-- TO DO --
For each line below that contains the word "Image", return that line.

-- DATA FOR THIS EXERCISE --
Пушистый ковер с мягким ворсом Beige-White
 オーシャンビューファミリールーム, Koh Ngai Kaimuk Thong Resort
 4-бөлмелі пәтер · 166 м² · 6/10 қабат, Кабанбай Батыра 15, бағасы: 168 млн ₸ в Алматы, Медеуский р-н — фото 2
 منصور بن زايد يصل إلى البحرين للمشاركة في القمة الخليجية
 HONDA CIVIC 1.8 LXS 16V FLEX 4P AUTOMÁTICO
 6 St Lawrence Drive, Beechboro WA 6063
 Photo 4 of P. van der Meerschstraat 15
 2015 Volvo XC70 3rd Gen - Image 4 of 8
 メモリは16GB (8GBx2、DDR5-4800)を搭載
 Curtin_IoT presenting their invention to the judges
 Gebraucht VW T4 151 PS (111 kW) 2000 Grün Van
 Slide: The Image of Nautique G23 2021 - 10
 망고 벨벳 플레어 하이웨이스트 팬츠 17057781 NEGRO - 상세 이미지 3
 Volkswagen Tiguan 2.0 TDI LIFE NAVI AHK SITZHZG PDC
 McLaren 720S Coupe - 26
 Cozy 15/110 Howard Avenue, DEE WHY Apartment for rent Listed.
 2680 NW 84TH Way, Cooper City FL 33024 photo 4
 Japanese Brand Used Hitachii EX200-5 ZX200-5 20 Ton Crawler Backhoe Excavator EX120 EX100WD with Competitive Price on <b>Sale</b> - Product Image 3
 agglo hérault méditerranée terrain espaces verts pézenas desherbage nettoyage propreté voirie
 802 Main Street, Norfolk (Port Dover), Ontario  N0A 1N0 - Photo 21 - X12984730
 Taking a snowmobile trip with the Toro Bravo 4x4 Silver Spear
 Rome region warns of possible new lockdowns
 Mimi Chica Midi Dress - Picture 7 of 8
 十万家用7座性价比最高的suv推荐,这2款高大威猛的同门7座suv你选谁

-- FINISHED EXERCISE --
 2015 Volvo XC70 3rd Gen - Image 4 of 8
 Slide: The Image of Nautique G23 2021 - 10
 Japanese Brand Used Hitachii EX200-5 ZX200-5 20 Ton Crawler Backhoe Excavator EX120 EX100WD with Competitive Price on <b>Sale</b> - Product Image 3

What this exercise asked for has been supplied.